As I read through Chris Edmonds' book, I was struck about how much we had done right. We created A Culture Engine that was unique and compelling and attractive to clients and staff. Many of my partners lived to a personal model that underpinned that Culture Engine. MMG was sold in 1999 and sadly disappeared in the aftermath of that sale and the 2000 dot com crash.  MY guess is we could have had a very different outcome had we followed Chris Edmonds prescriptions a little more specifically, rather than the implicit way we had done.  We had a vision of what we wanted to achieve. However, we never had a formalised organisation consitution. We did build into our evaluation systems all of the elements needed for a personal constitution as a continuum of skills (and culture) so that any member of the firm knew how to grow all the way through a career. Not all our partners had their own personal constitution crystallised. 

Chris has penned this guest blog about the very subject of job, career or calling


Job, Career, or Calling?

How do you view your work? Is it drudgery? Is it somewhat benign, somewhat engaging, or possibly even inspiring?

Most employees see work as a job, a means of funding life’s necessities. Some employees see work as a career, a profession they can contribute to for years. A very few see work as a calling, an avenue for meaningful contributions in service to others.

Jobs are a dime a dozen. People change jobs all the time. When one isn’t particularly engaged at work, there isn’t much lost when moving from one job to another.

A career brings a deeper level of commitment and engagement. A career requires long-term involvement, learning and progressing in skills over time. It’s a profession that requires investment of time, talent, and sacrifice.

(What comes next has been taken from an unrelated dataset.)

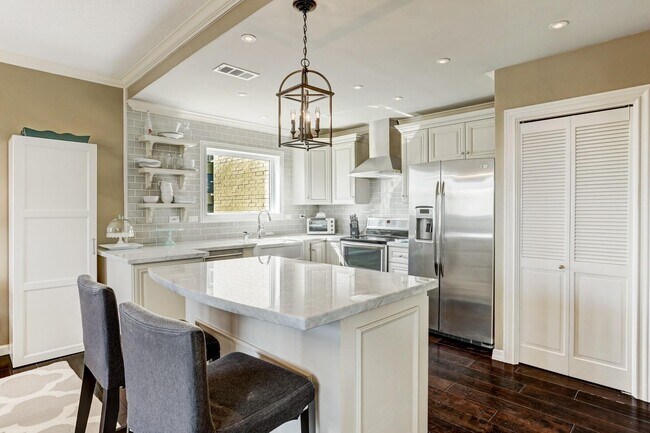 Foto del edificio - 651 Bering Dr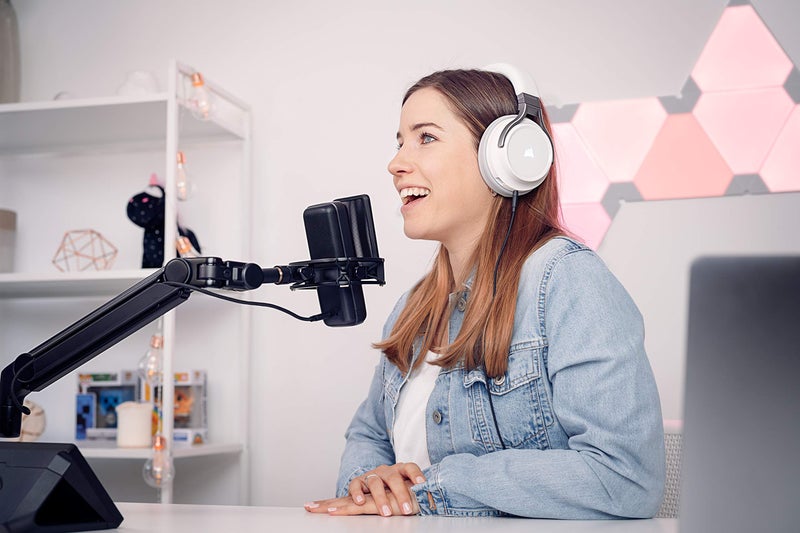 Elgato Pop Filter - Anti-Plosive Noise Shield Eliminates Pops and Hisses, Dual-Layer Steel Mesh with Magnetic Attachment Points, Custom Built for Elgato Wave:1/3, Black - Image 3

Over the course of one’s career, one might work at a number of different companies that provide avenues for professional growth and development.
A calling is the deepest level of commitment and engagement. A calling is a purpose-driven, meaningful pursuit to improve the quality of life of others. It’s a service-oriented, heart-aligned, inspiring avenue. It may take years to discover your calling. Once you find it, time flies. Engaging in your calling recharges you and inspires you to your very core.
Some employees never find a calling in their workplace. They may find their calling outside of work – or they may never find their true calling, at all.
What causes employees to see work as a job, a career, or a calling? Leaders have a tremendous influence on employee’s perceptions of their work. Specifically, the leader’s plans, decisions, and actions, day in and day out, can make employees see their work as one of those three “levels” of inspiration.
Do leaders pay attention to their powerful influence on employee perceptions? Not really. Most leaders spend every waking moment on their product or service – developing them, marketing them, getting them into customers’ hands. Leaders put more thought into their products and services than into crafting a safe, inspiring team culture for employees.
Yet culture drives everything that happens in their organizations.
How can leaders ensure their work environment treats team members with respect and dignity, that inspires great performance, deep engagement, and WOW’ed customers?
Leaders do so through the creation of an organizational constitution. An organizational constitution is a formal document that outlines the business’ purpose, values and behaviors, strategies, and goals.
Once these expectations are mapped out, leaders must model, coach, and reinforce them. Leaders must invest as much time and energy in team values and citizenship as they do in managing results. By doing so, they create workplace inspiration – not workplace fear and anxiety.
If team members are consistently treated with dignity and respect by bosses and peers, they actively engage in the success of the business. They apply discretionary energy. They have fun. They love serving customers.
Employees who act like that, who are engaged like that, feel called to their work.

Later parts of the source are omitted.